# About this task
Set down exact lines only, from the line with "Luxury Off-the-Shoulder Corset" through the last line of the material below, with every picture left out.

+===+

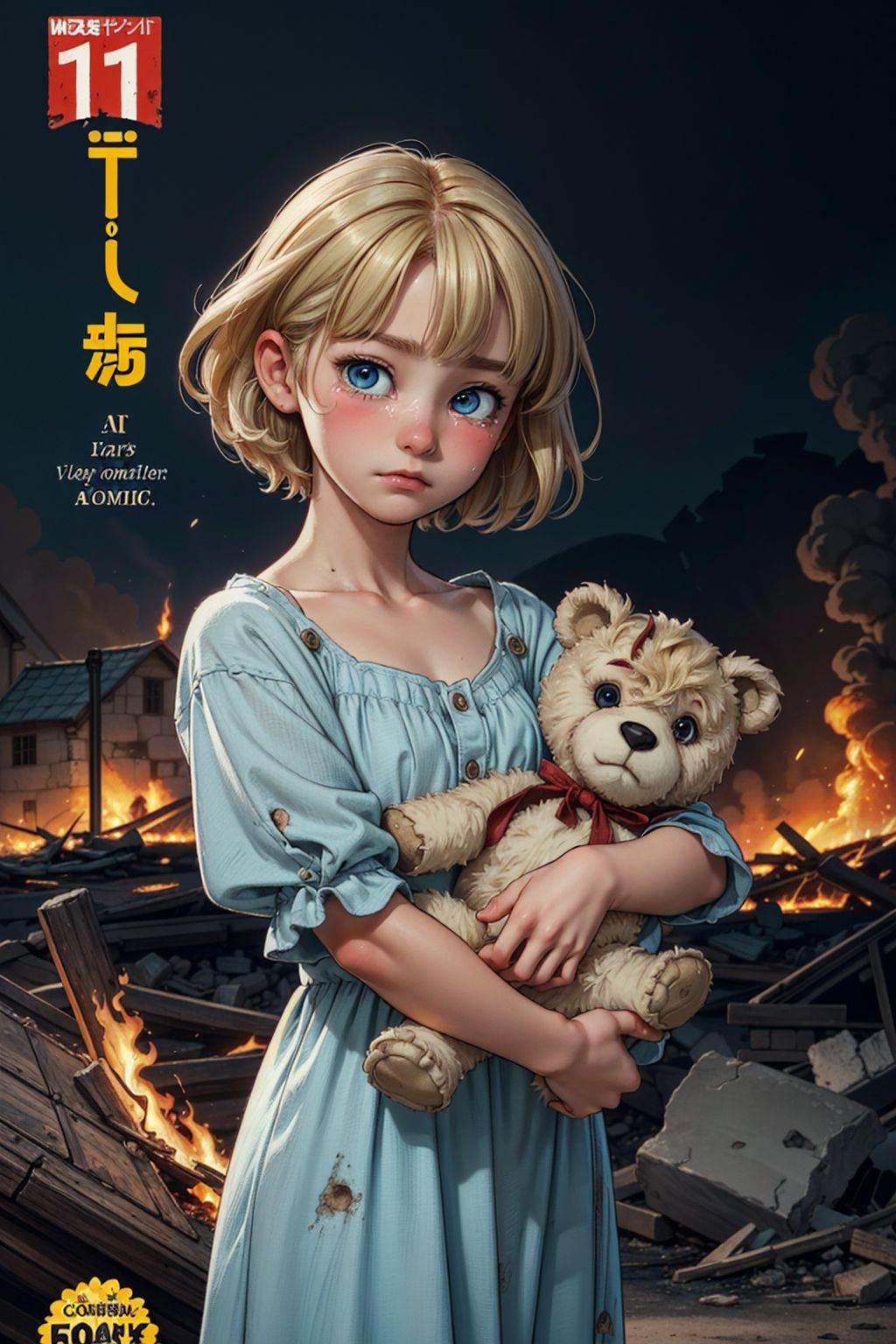 (war,  destruction,  flames and ruins in the background) on Tensor.Art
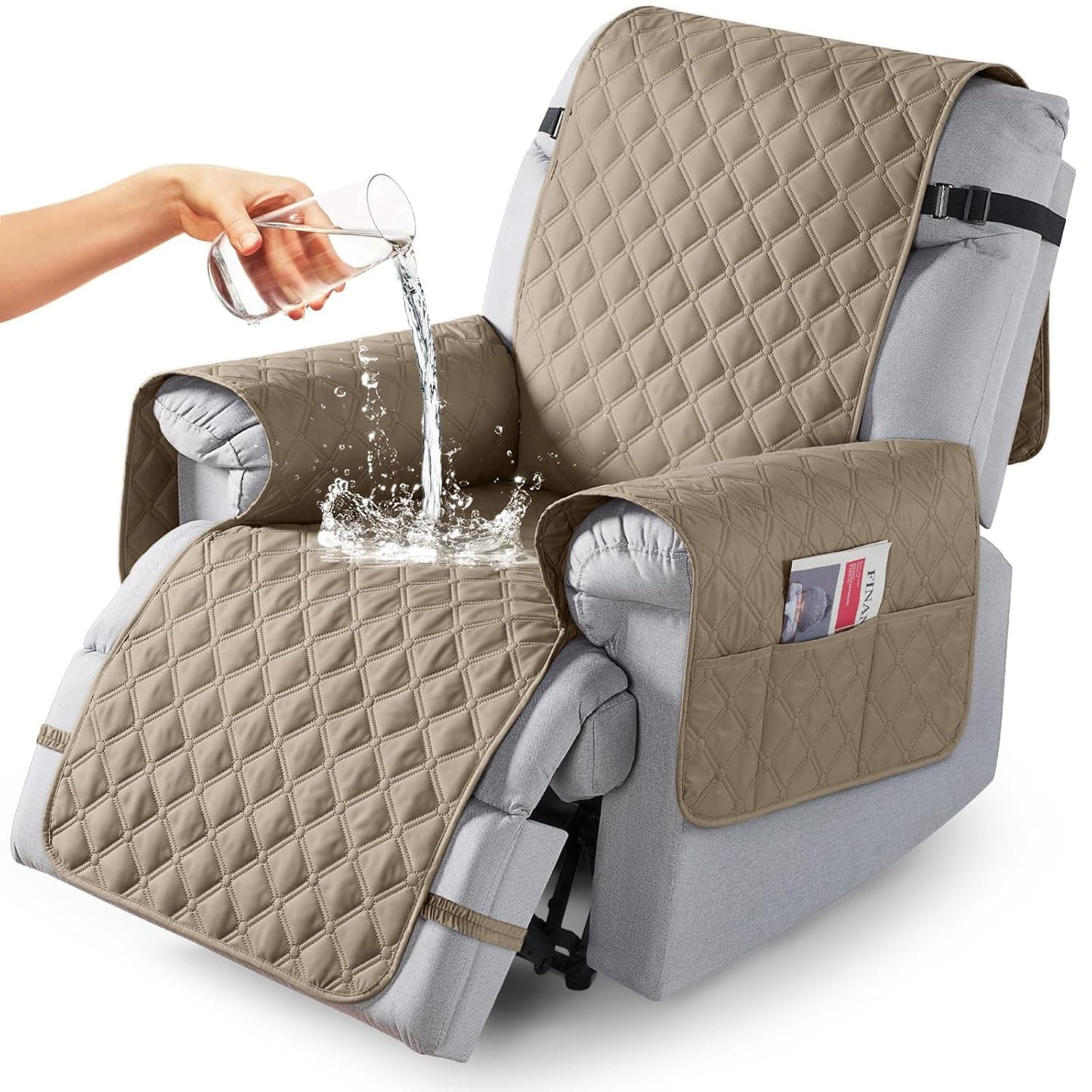 unique pet collections Waterproof Recliner Cover 1 Seater, Reversible Quilted Sofa Cover with Pockets, Non-Slip Recliner Sofa Cover for Pets Kids, Single Seater Chair Cover (Khaki)
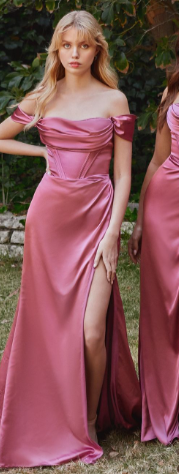 Luxury Off-the-Shoulder Corset Gown - Mauve Rose Satin Formal Dress for Prom, Evening Gala & Special Occasions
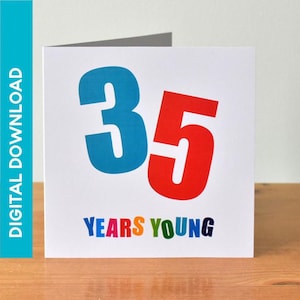 Cartão de aniversário de 35 anos - DOWNLOAD DIGITAL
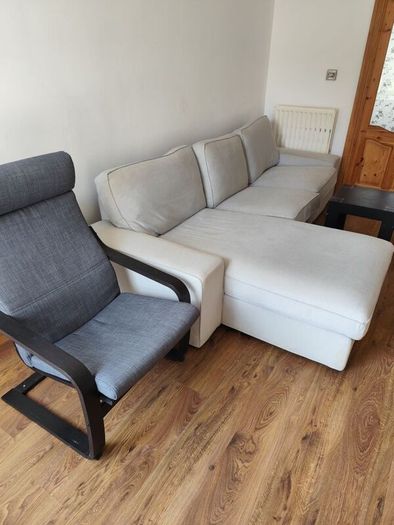 sofa, chair, and table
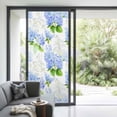 thumbnail image 3 of Summer Hydrangeas Window Privacy Film, White Blue Flowers Pastoral Leaves Static Cling UV Sun Blocking Heat Control Window Tint Day and Night, Non-Adhesive One Way Windows Privacy Cover 35.4''x78.7'', 3 of 7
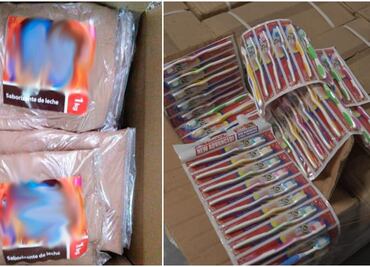 IMPI halla polvo para preparar chocolate y cepillos de dientes con marca falsificada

+===+

# Result below
 Luxury Off-the-Shoulder Corset Gown - Mauve Rose Satin Formal Dress for Prom, Evening Gala & Special Occasions
 Cartão de aniversário de 35 anos - DOWNLOAD DIGITAL
 sofa, chair, and table
 thumbnail image 3 of Summer Hydrangeas Window Privacy Film, White Blue Flowers Pastoral Leaves Static Cling UV Sun Blocking Heat Control Window Tint Day and Night, Non-Adhesive One Way Windows Privacy Cover 35.4''x78.7'', 3 of 7
 IMPI halla polvo para preparar chocolate y cepillos de dientes con marca falsificada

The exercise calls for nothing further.